--%>

Market hypotheses

Efficient market hypotheses:

a) Weak-form efficient market hypothesis: It assumes that current stock prices reflect all security market information including the historical sequence of prices, rates of return, trading volume data and other market generated information. This hypothesis implies that past rates  of return and other historical market data have no relationship with the future rates of return. For investment purpose, this means that one would not be able to gain by using any trading rule that decides whether to buy or sell a security based on past rates of return or any other security market data.

b) Semistrong-form efficient market hypothesis: It asserts that security prices rapidly adjust to the release of all information i.e. current security prices reflect all public information. This hypothesis encompasses the weak form hypothesis because all the market information considered by the weak form hypothesis such as stock prices, rates of return and trading volume is public. Public information also includes all non-market information like earnings and dividend announcements, price to earnings ratio, stock splits, economic and political news. From the investment point of view, the investors who base their decisions on any important new information after it is public should not derive above average risk adjusted profits from their transactions.

c) Strong-form efficient market hypothesis: This contends that stock prices fully reflect all information from public and private sources. This means that no group of investors has monopolistic access to information relevant to the formation of prices. From investment point of view, no group of investors should be able to consistently derive above average risk adjusted rates of return.

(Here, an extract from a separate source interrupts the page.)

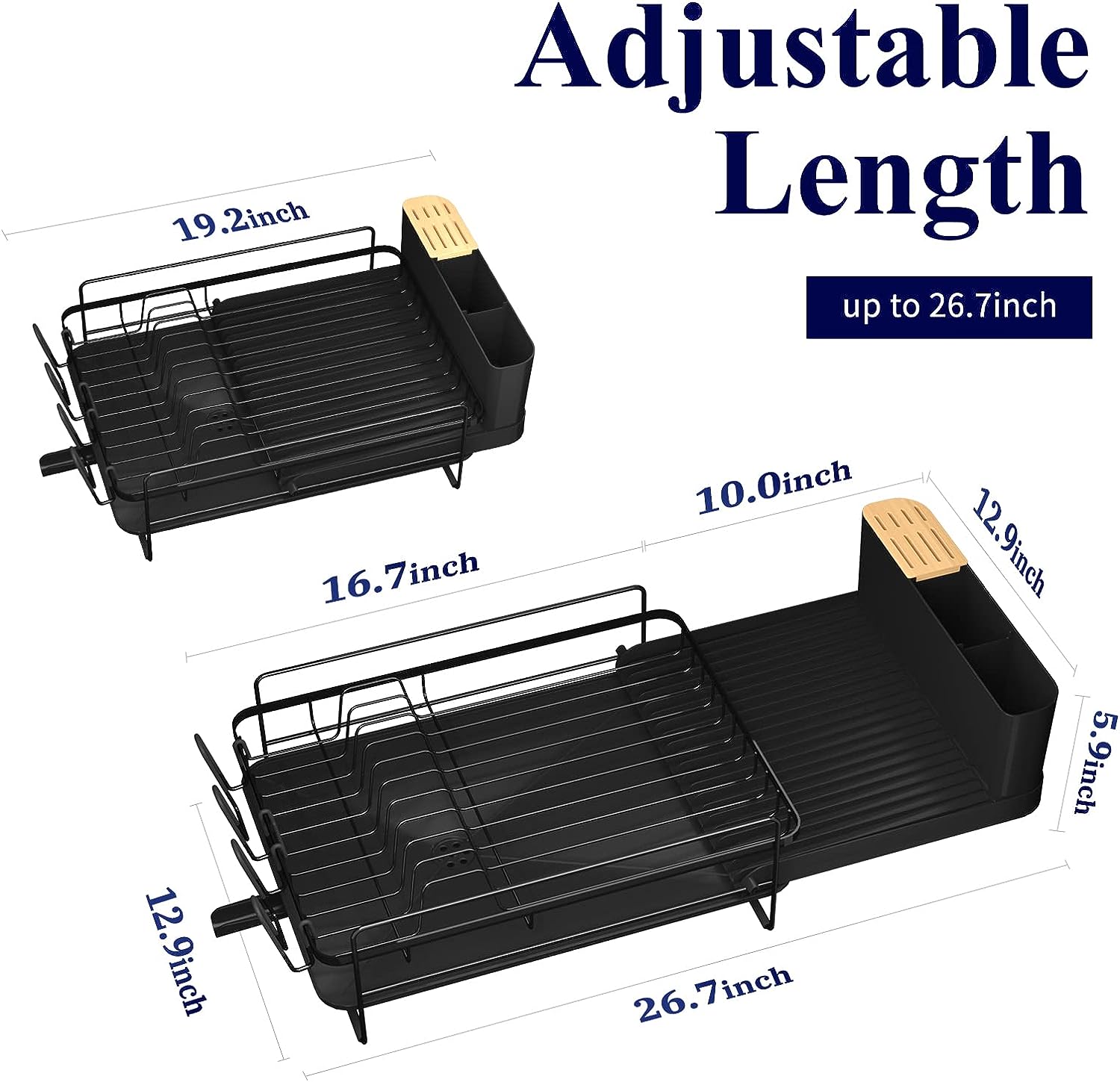 Extendable Dish Rack, Multifunctional Dish Rack for Kitchen Counter with Cutlery & Cup Holders 27" L x 12.9" W, Black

   Related Questions in Microeconomics

  • Q : Determine demands for relatively price

    When technological advances within agriculture generate bumper crops of farm products for that demands are relatively price inelastic, in that case the: (w) average income of farmers will decline relative to per capita income for the

  • Q : Monopsony power-Purely competitive Can

    Can someone help me in finding out the right answer from the given options. Dissimilar to a purely competitive hirer of labor, the firm with monopsony power can: (i) Both set any wage it wishes and hire as many workers as it desire

  • Q : Backward bending-supply curve of labor

    Supply curve of the labor is LEAST probable to be ‘backward bending’ for: (i) An individual worker. (ii) The economy as an entire. (iii) Highly specialized industries which are major employers of the specialized PhDs hired only after 10 years of experience

  • Q : Reasons of rent controls set under

    Rent controls set under equilibrium tend to cause: (w) simpler access to affordable housing. (x) apartment construction to boom. (y) the quantity and upkeep of rental units to fall. (z) less racial discrimination within housing.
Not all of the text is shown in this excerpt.